Government planned a R4 trillion infrastructure roll-out over the next 15 years, Cronin said.

PICC secretariat chairman Ebrahim Patel said although no specific numbers had been finalised, each project would unlock hundreds of thousands of jobs.

Over the next three years, government would spent R844 billion on infrastructure programmes.

Not all the funds would come from the fiscus; other funding would come from fees and charges levied by state-owned entities such as Eskom and Transnet.

Patel said the R4 trillion included African regional projects, but excluded the Grand Inga Dam in the Democratic Republic of Congo “because of its price tag”.

Within the same figure (R4 trillion) are private sector projects that are part of the strategic infrastructure projects, excluding those at concept stage.

Patel said the PICC had also developed a framework to deal with tender corruption. This would be made public once it was finalised.

Performance Monitoring and Evaluation Minister Collins Chabane said the infrastructure roll-out would attract new investment.

“The economic infrastructure which we proposed is meant to trigger investment. It is an enabling infrastructure which is going to trigger further investments.
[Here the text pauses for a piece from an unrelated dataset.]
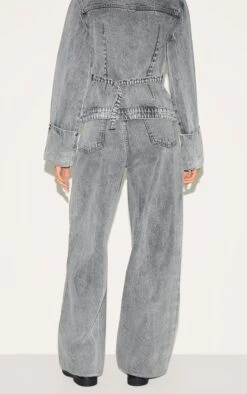 Prettylittlething Ice Grey Mid Rise Wide Leg Jeans -Pretty Little Thing Shop 4439820af7b1a5498db9d322abcf6ae80d2de334 CNM4775 3 ice grey mid rise wide leg jeans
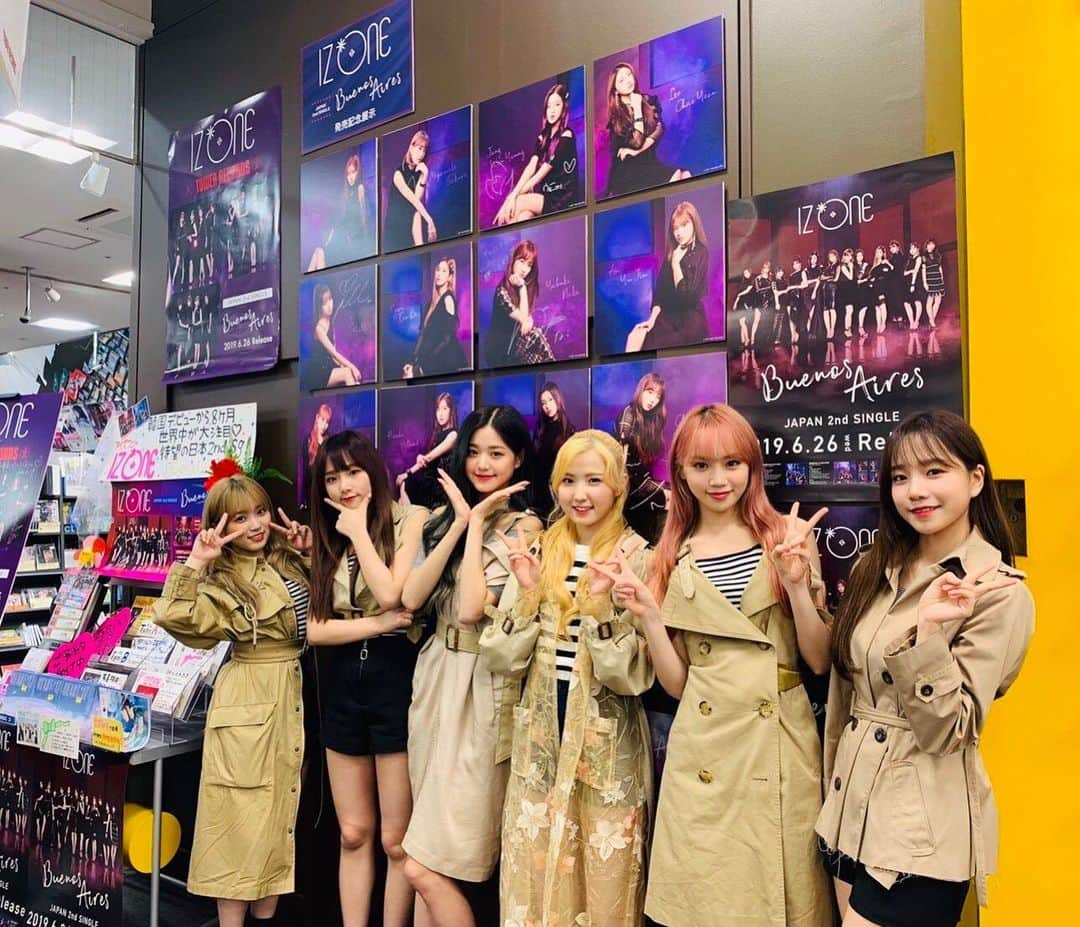 h3artbrak3rsさんのインスタグラム写真 - (h3artbrak3rsInstagram)「… #hkt48 #IZONE #아이즈원 #アイズワン  #nako #矢吹奈子 #야부키나코 #なこ #yena #최예나 #イェナ #yuri #조유리 #ユリ #hitomi #本田仁美 #혼다히토미 #ひぃちゃん #wonyoung #장원영 #ウォニョン #chaewon #김채원 #チェウォン #BuenosAires #タワーレコード名古屋パルコ店」6月24日 17時20分 - h3artbrak3rs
“For the first time, we are rolling out infrastructure over all the regions of the country... linked to specific economic potential which exists in those areas,” he said.

Once this infrastructure was started, the private sector would put in their own investment.

Public Enterprises Minister Malusi Gigaba said the new infrastructure roll-out would not just build roads and railway lines, but improve the country’s skills base.

This approach had already been adopted in the major state-owned enterprises.

“The skills development budget of Eskom has increased from about R800 million to R1.4bn in this financial year. Transnet will be investing about R7.6 billion in skills development over the next seven years,” he said.